Controlling misdirected email sounds like a pipedream.  How can we stop an email that the user is authorized to send, with data they are authorized to transmit, from going to a perfectly trusted destination? The typical answer is more user awareness training.  In reality, most user awareness training is geared towards stopping ever more sophisticated inbound attacks. Stopping the accidental sending of the right information to the wrong person might not be top of mind for most administrators, but most users have had that panic moment of sending email to an unintended recipient. Usually it's something that can be laughed off later, but occasionally it can cause real financial, regulatory or reputational damage.

Collaboration tools, including email, make it as easy as possible to send a message and move on. For example, when was the last time you typed out someone's full email address? How often do email and collaboration apps suggest exactly what you're looking to do?

Sales organizations understand the risk of sending the wrong PO to the wrong customers. Third-parties that deal with multiple partners and customers understand the confidentiality required when processing data between those groups. Honestly anyone that has more than one customer or partner they deal with should be cognizant of the risk. Contact lists are full of people who have moved from one organization to another, sometimes competing ones. Organizational directories are full of very similar names. Try sending a time sensitive email to a part-time contractor instead of your VP and you've left the outcome of that issue up to a person who may have logged off several hours ago. If the sender had been alerted to the deviation from their normal activities, like sending to a person they'd never emailed before, they would have realized and corrected their mistake.
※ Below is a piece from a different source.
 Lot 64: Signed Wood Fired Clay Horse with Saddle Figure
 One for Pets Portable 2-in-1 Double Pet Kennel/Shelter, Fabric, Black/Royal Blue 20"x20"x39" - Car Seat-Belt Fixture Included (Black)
With the increased availability of user activity data, and the ability to share it across platforms, users can be digitally fingerprinted in an organization. These fingerprints are made up of dozens of individual data points including the close circle of people they regularly communicate with, the organizations they interact with, the type of data they send, and the locations that they work from.  These types of signals are being used by security teams to identify risk through User Behavior Analytics (UBA/UEBA), but what if they could also be used to provide a technical check to what has traditionally only ever been a human control? There's a wildly varying statistic out there that says about ninety percent of users, if presented with an additional verification prompt before performing a risky activity, won't do it. Regardless of the accuracy of that number, ask yourself that same question. If you quickly put an email together with anything from moderate to very sensitive data in it and hit send, would you doublecheck your work when prompted? You probably would, most people would re-read that email. The trick is that these prompts can't become noise. They have to be right or they'll become another casualty of the click-through culture. 

Collaboration tools are designed to make people more efficient.  From auto-populating names and email addresses, to auto-correct and auto-fill, people can send data with great ease and speed. However, just like the threat posed by inbound messages, outbound messages need to be double-checked. At the end of the day, even mildly sensitive data can create a disproportionate risk if delivered to the wrong hands. The answer to this is something that must keep up with users and not just report after the fact that something might have happened. With increased use of machine learning, companies should consider implementing a solution around misdirected email that can take advantage of trending analysis and present users with the real-time ability to correct mistakes before they happen.